そして翌週の日曜、10月16日、新宿厚生年金でライヴ。
フツーに平常心でチケットを買うと最後列だったんですが、それでも横浜アリーナの最前列とかより見やすいですね。
しかし、いるわいるわ40男の群れ・・・。
ブライアン・ウィルソンもすごかったけど今回はもっとすごかった。
ジョー・ザヴィヌルはまだクラビーな若者が多かった。

音楽の内容はウルトラマン・マックス的な・・・お父さんのためのロック大会というか、お前らこういうのが好きなんだろ的な内容で、当然ぼくはものすごく楽しめました。

途中、「ハリケーンの被害者に捧げる」とかいって、さっき作ったという美しいピアノソロ曲を弾いたんだけど「ところで、さっき地震があったんだけど(公演直前)あれぐらいは東京では当たり前のことなのか?」 とまじめに聞いてました。

メンバー紹介で、今回の目玉、ギタリストのデイヴ・キルミンスターのときデイヴが「♪ティントンタンティンティントンタンティン・・・」と「天国への階段」のイントロを引き、キースに「ああ、もういいから」と制されるというギャグがありました。
そういや、昔「ウェインズワールド」かなんかで(このへんあまり詳しくないんですが)ロック好きの人がギター屋に来て試し引きをするときに「♪ティントンタンティンティントンタンティン・・・」とやると、店の親父が飛んできて「ウチの店ではソレは禁止だ!」と制するというネタがあったそうです。

その後「ボブ(ムーグ博士)に捧げる」といってELPのファーストアルバムから「ラッキー・マン」という曲を演奏しました。
この曲はグレッグ・レイク作の非常に悲しげなバラード。ELPといえばエマーソン作の血湧き肉踊る曲とレイク作のバラードが好対照なんだけど、特にこの曲なんかはキースはあまり好きじゃなかったんじゃないか。でも曲調と「なんて彼は幸運な男だったのだろう」という歌詞が追悼ということだったのだろうか。ラストにレコード通りブニューというムーグの音が取ってつけたように鳴り響くのもなかなか追悼らしくてよかった。

その後「コージー・パウエルに捧げる」といって「タッチ・アンド・ゴー」という曲を演奏しました。
コージーは昔ジェフ・ベック・グループ第2期にいた人で、 その後ディープ・パープルのギタリスト、リッチー・ブラックモアと一緒に「レインボウ」というバンドをやっていました。
ELPはカール・パーマーが一時脱退してた頃にコージーを入れて「エマーソン・レイク・アンド・パウエル」として活動していました。
(アブリヴィエーションは同じELPなんだけど、カールの反対でそうは名乗れなかったらしい)
コージーはレインボウ時代もチャイコフスキーの「1812年」に合わせてドラムを叩いたりして、そういえばELPとやることが結構似ている。

その後「レナード・バーンスタインに捧げる」といって「アメリカ」(ウェストサイド物語の曲)を演奏しました。
しかし、よく捧げるな!
ロックの歴史も、長くなるとこういうことがあるのかなあ。

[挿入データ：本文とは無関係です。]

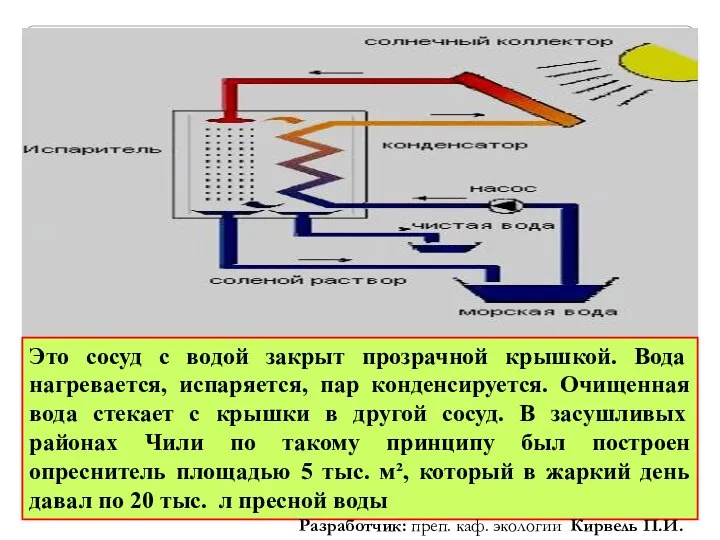 Это сосуд с водой закрыт прозрачной крышкой. Вода нагревается, испаряется, пар конденсируется.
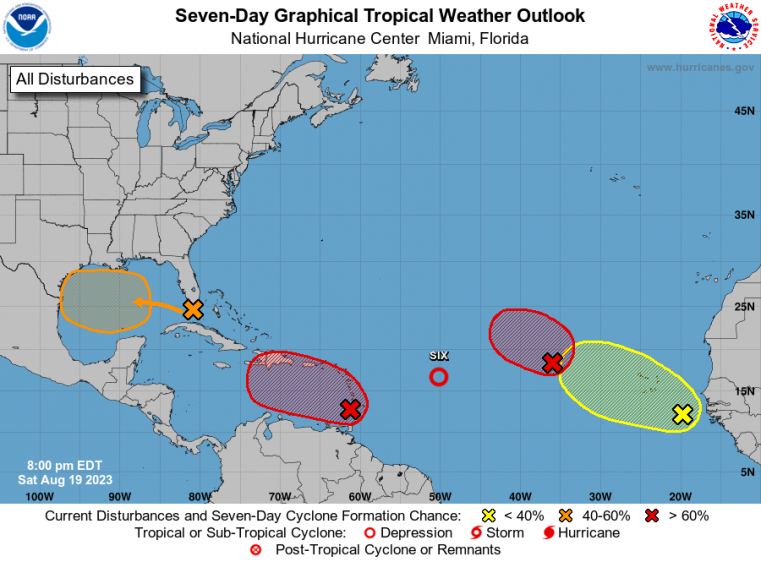 The Tropics are heating up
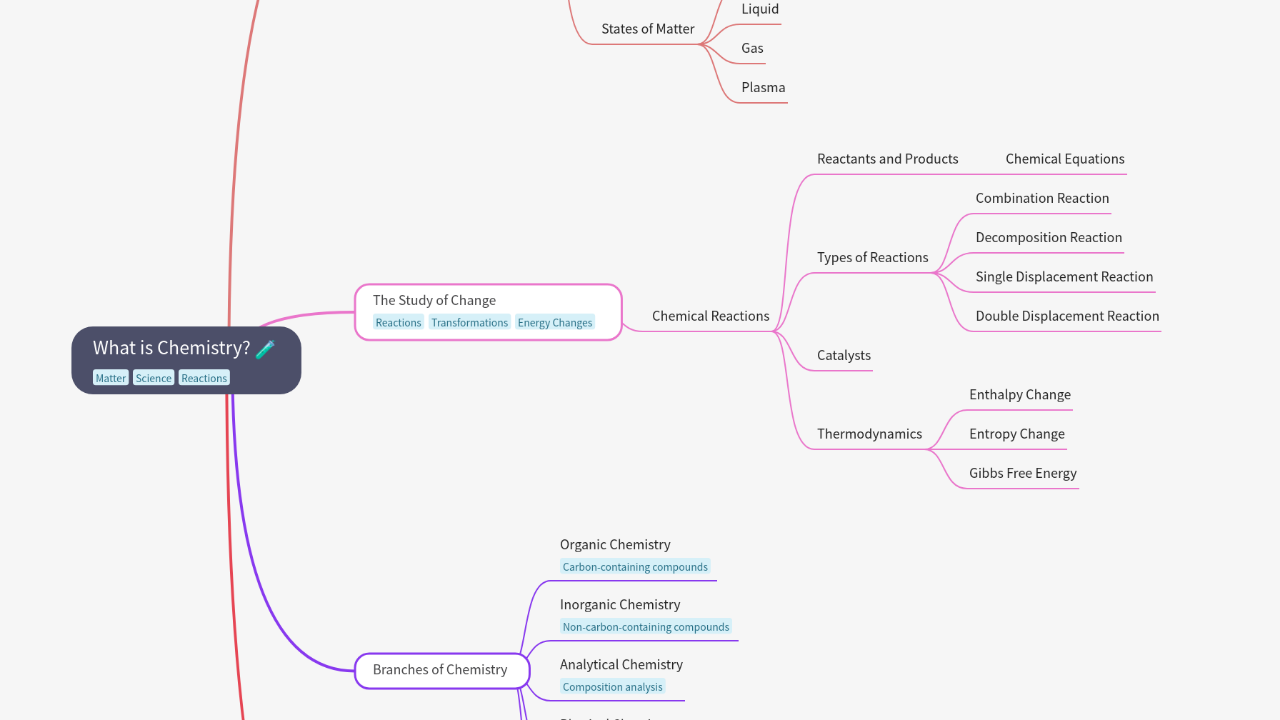 Mind Map:What is Chemistry? ...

いろいろ考えました。

デイヴが途中で、たぶんグレッグ・レイクへのリスペクトで自分のソロのときにキング・クリムゾンの有名な曲「エピタフ」の一節
「Confusion will be my epitaph...」
と歌ったんだけど、そのときキース・エマーソンが横で
「Oh, I hate that!」
と言ったのが笑いました。

デイヴ・キルミンスターという人は他にも、なんかレッド・ツェッペリンが好きらしくて、アンコールの1曲目でなんと「ブラック・ドッグ」を全曲演奏した。
このときはキースもノリノリ。信じられない光景だ・・・。たとえて言うなら沢田研二がバックバンドの要求に応えて郷ひろみの曲をノリノリで歌うようなものだ。 たとえて言わないほうがよかったかな ;;;

ということで、少しもプログレッシヴ(進歩的)ではなかったのですが、すごくエンターテインされた一夜でした。
でもオルガンに馬乗りになったり、ピアノが回転したりというのはなかった。
トシだからなー?

トシといえば、一緒に言った人が楽器が出来る人で、
「昔B♭だった曲をCにしてやってる。指使いが衰えたからじゃないだろうか」
とか言ってた。
「そんなの、キーボード側で調整すればいいのに」
といったら、あれぐらいの人は絶対音感があるからズラすと気持ち悪くて演奏できなくなるそうだ。